While teaching MA 110 (Finite Mathematics), I casually introduced standard deviation using the formula provided by our textbook, where \(\sum x\) represents the sum of a dataset and \(\overline{x}=\frac{\sum x}{n}\) is its mean:
\[ s = \sqrt{ \frac{ \sum (x^2) - n(\overline{x})^2 }{ n-1 } } \]
But, this isn’t my favorite formula for standard deviation, because it’s not really clear what it’s trying to measure from its formula. The formula I was more accustomed to makes it clear that standard deviation measures the differences between datapoints and the mean, and then sums up the squares of those differences. That is to say, it gives a measure of how different the datapoints are from the average.
\[ s = \sqrt{ \frac{ \sum (x-\overline{x})^2 }{ n-1 } } \]
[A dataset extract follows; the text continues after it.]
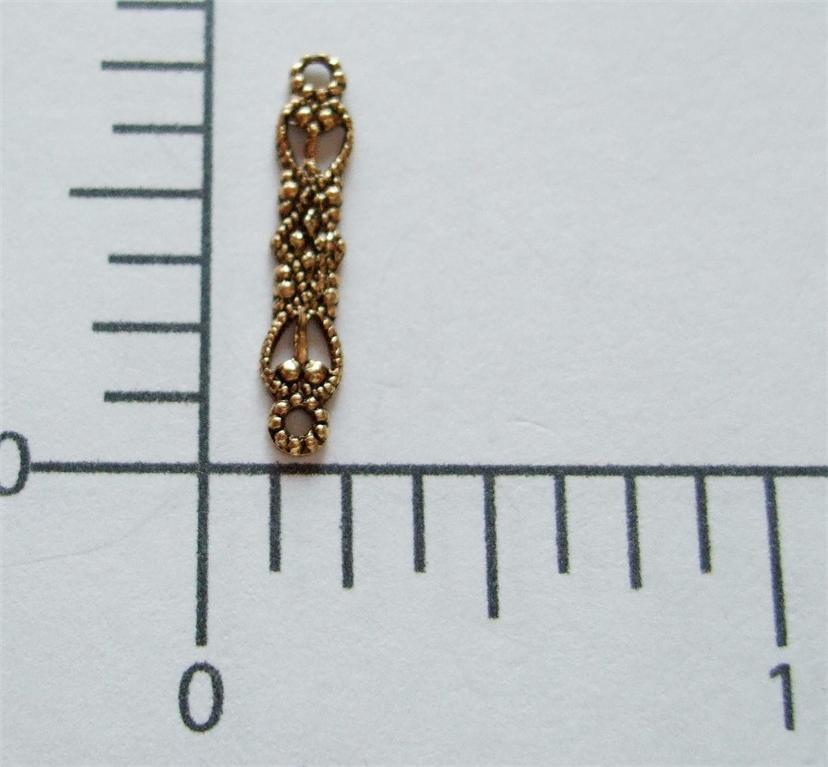 28603          6 Pc. Brass Oxidized Two Ring Connector Finding Jewelry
But while the textbook uses that first formula, some of our online homework uses the second formula when working out example solutions. So, for the record, here is a proof that both formulas do in fact measure the same thing.
Note that we need only prove that the numerators of each fraction are equal. So…
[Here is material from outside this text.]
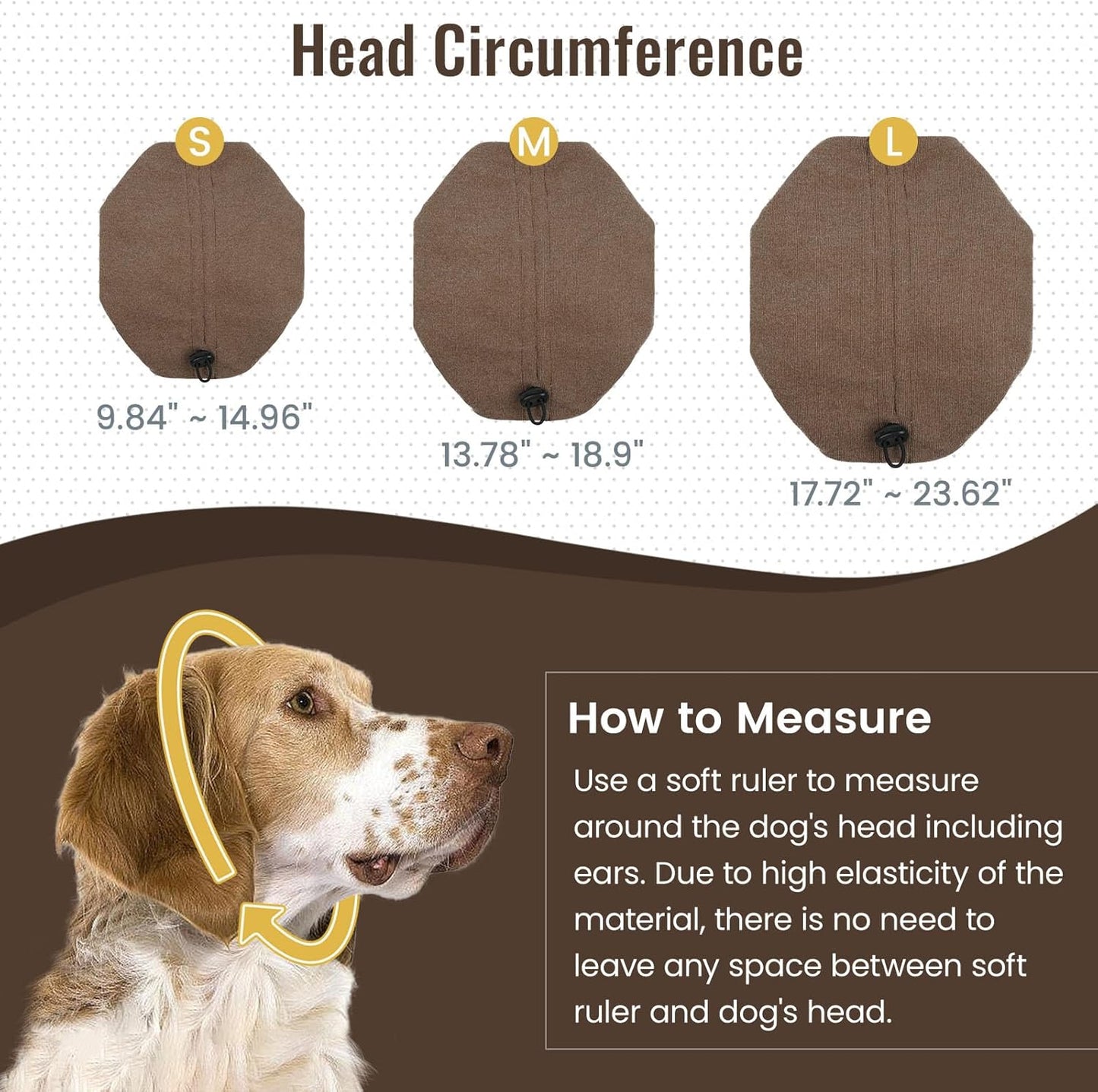 IDOMIK Dog Calming Hoodie No Shake Ear Wraps for Dogs, Quiet Head Covers for Noise Reduction & Anxiety Relief, Dog Ear Covers Muffs Head Wraps for Bath Hematoma Grooming Firework Force Drying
\[ \sum (x-\overline{x})^2 \]
Applying \((a-b)^2=a^2-2ab+b^2\), we get:
\[ = \sum (x^2-2x\overline{x}+(\overline{x})^2) \]
We’re allowed to add up each term separately.
\[ = \sum (x^2)-2\sum (x\overline{x})+\sum((\overline{x})^2) \]
Now, since the last term is just adding the same number \((\overline{x})^2\) once for each of the \(n\) members of the dataset, we may simplify it as follows.
\[ = \sum (x^2)-2\sum (x\overline{x})+n(\overline{x})^2 \]
We may also factor out the constant \(\overline{x}\) from the middle sum.
\[ = \sum (x^2)-2\overline{x}\sum x+n(\overline{x})^2 \]
It follows from \(\overline{x}=\frac{\sum x}{n}\) that \(n\overline{x}=\sum x\), giving the following.
\[ = \sum (x^2)-2\overline{x}(n\overline{x})+n(\overline{x})^2 \]
The solution is revealed by rearranging and combining like terms.
\[ = \sum (x^2)-2n(\overline{x})^2+n(\overline{x})^2 \]
\[ = \sum (x^2)-n(\overline{x})^2 \hspace{1em}\Box \]